■ Task goal ■
Each line of data below must be printed exactly as written, with any pictures removed.
Records for this exercise START
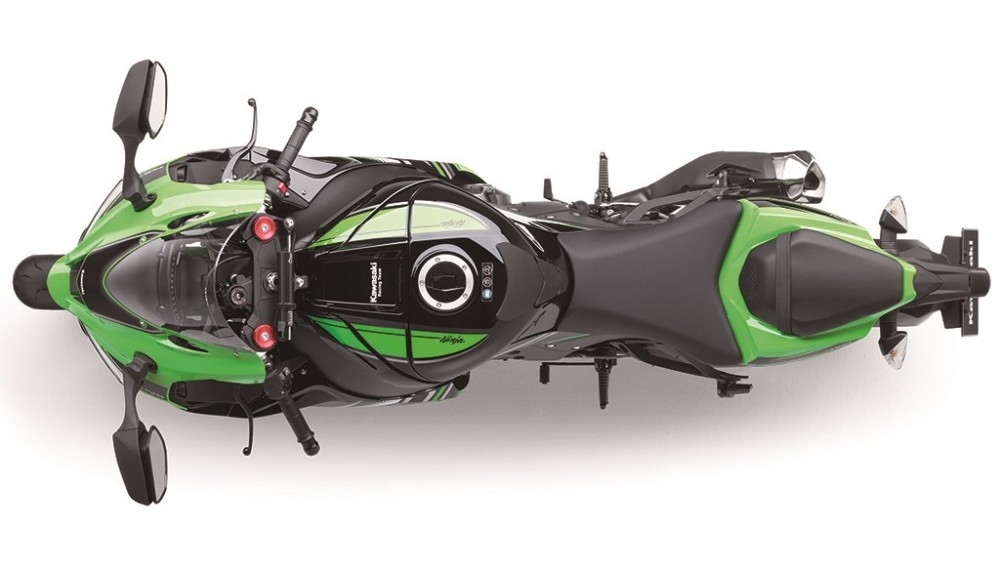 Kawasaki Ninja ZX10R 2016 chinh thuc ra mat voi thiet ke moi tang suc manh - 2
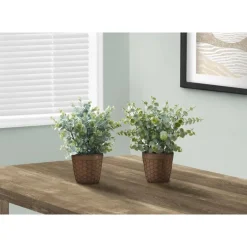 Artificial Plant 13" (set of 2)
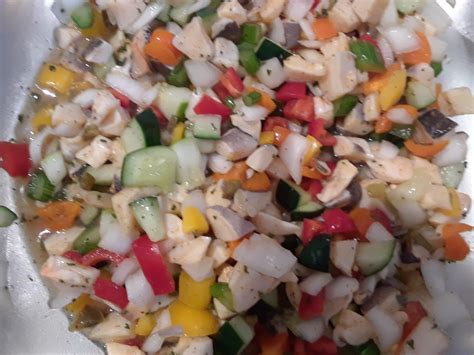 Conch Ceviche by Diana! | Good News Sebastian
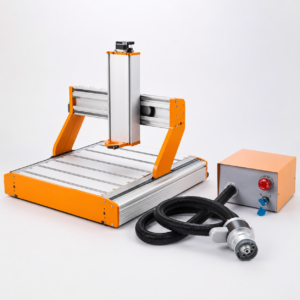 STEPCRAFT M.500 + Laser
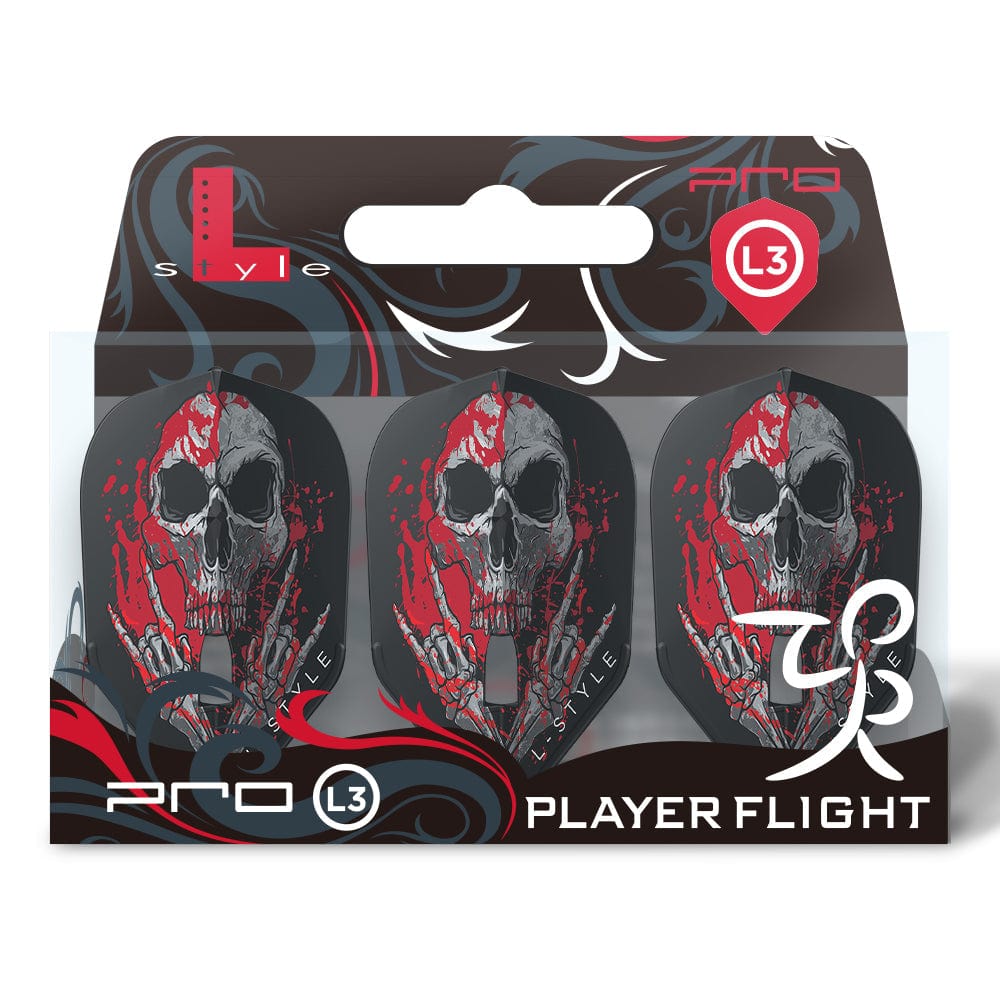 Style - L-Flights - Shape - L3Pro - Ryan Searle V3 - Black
Records for this exercise END
■ Expected answer ■
 Kawasaki Ninja ZX10R 2016 chinh thuc ra mat voi thiet ke moi tang suc manh - 2
 Artificial Plant 13" (set of 2)
 Conch Ceviche by Diana! | Good News Sebastian
 STEPCRAFT M.500 + Laser
 Style - L-Flights - Shape - L3Pro - Ryan Searle V3 - Black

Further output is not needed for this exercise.